A random variable is so called because it can take more than one state. The probability mass function specifies the probability for it to land on a particular state. Therefore, whenever you think of a random variable you should immediately think of its PMF (or histogram if you prefer). The PMF is a unique characterization of a random variable. Two random variables with the same PMF are effectively the same random variables. (They are not identical because there could be measure-zero sets where the two differ.) Once you have the PMF, you can derive the CDF, expectation, moments, variance, and so on.

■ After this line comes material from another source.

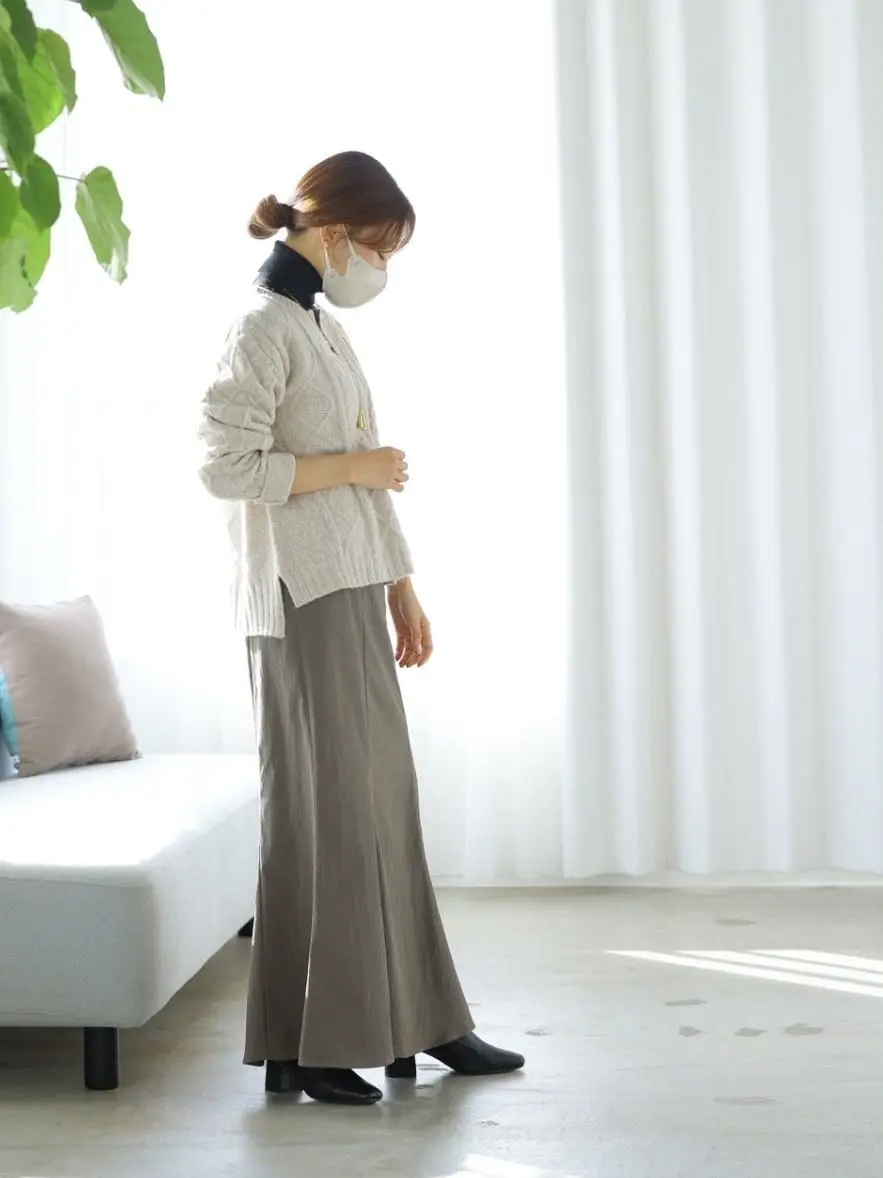 Tiaclasse スタッフNA コーディネート画像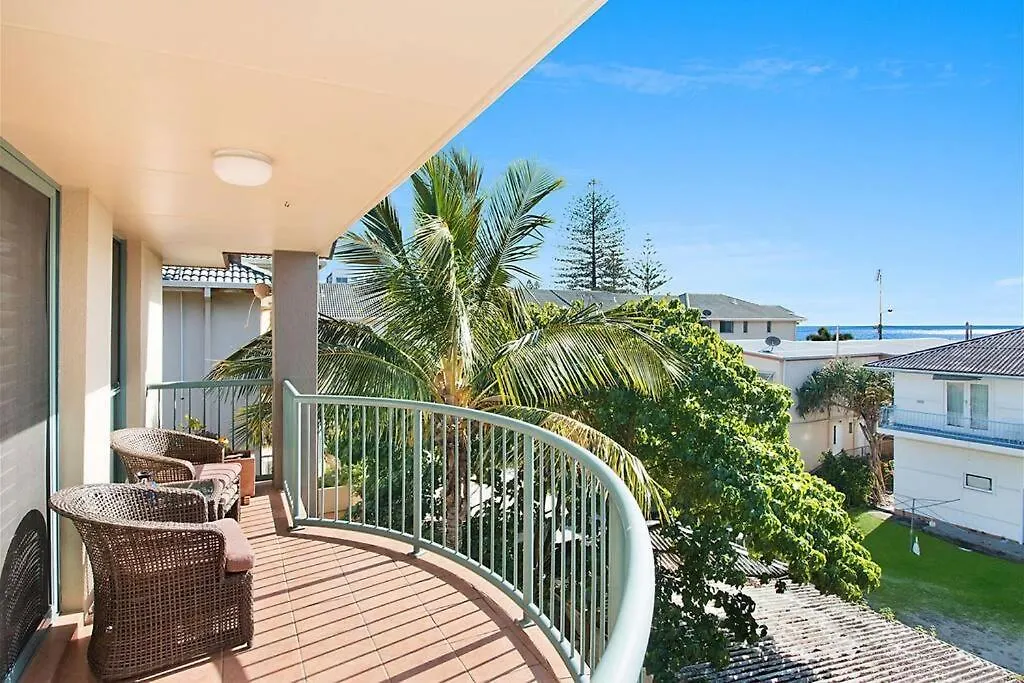 Ocean View Dreaming, Metres To The Beach!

When your boss hands a dataset to you, which random variable (which model) should you use? This is a very practical and deep question. We highlight three steps for you to consider:

(i) Model selection: Which random variable is the best fit for our problem? Sometimes we know by physics that, for example, photon arrivals or internet traffic follow a Poisson random variable. However, not all datasets can be easily described by simple models. The models we have learned in this chapter are called the parametric models because they are characterized by one or two parameters. Some datasets require nonparametric models, e.g., natural images, because they are just too complex. Some data scientists refer to deep neural networks as parametric models because the network weights are essentially the parameters. Some do not because when the number of parameters is on the order of millions, sometimes even more than the number of training samples, it seems more reasonable to call these models nonparametric. However, putting this debate aside, shortlisting a few candidate models based on prior knowledge is essential. Even if you use deep neural networks, selecting between convolutional structures versus long short-term memory models is still a legitimate task that requires an understanding of your problem.
(ii) Parameter estimation: Suppose that you now have a candidate model; the next task is to estimate the model parameter using the available training data. For example, for Poisson we need to determine \(\lambda\), and for binomial we need to determine \((n,p)\). The estimation problem is an inverse problem. Often we need to use the PMF to construct certain optimization problems. By solving the optimization problem we will find the best parameter (for that particular candidate model). Modern machine learning is doing significantly better now than in the old days because optimization methods have advanced greatly.
(iii) Validation. When each candidate model has been optimized to best fit the data, we still need to select the best model. This is done by running various tests. For example, we can construct a validation set and check which model gives us the best performance (such as classification rate or regression error). However, a model with the best validation score is not necessarily the best model. Your goal should be to seek a good model and not the best model because determining the best requires access to the testing data, which we do not have. Everything being equal, the common wisdom is to go with a simpler model because it is generally less susceptible to overfitting.